Recorded data:
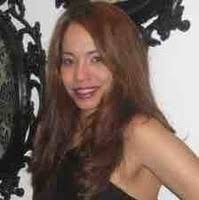 40+ "Johanna Espinal" profiles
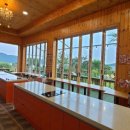 진양농장 이미지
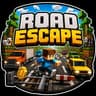 ROAD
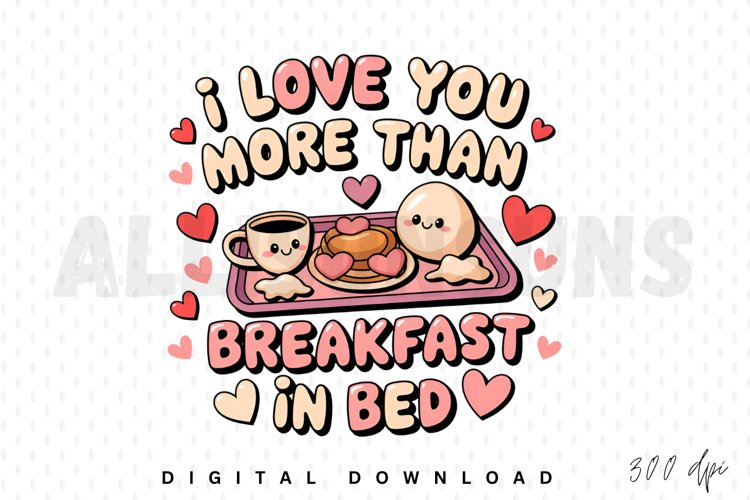 Love Graphics Image 2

Assignment:
Everything in the data except the pictures must be retyped exactly.

Result for this exercise:
 40+ "Johanna Espinal" profiles
 진양농장 이미지
 ROAD
 Love Graphics Image 2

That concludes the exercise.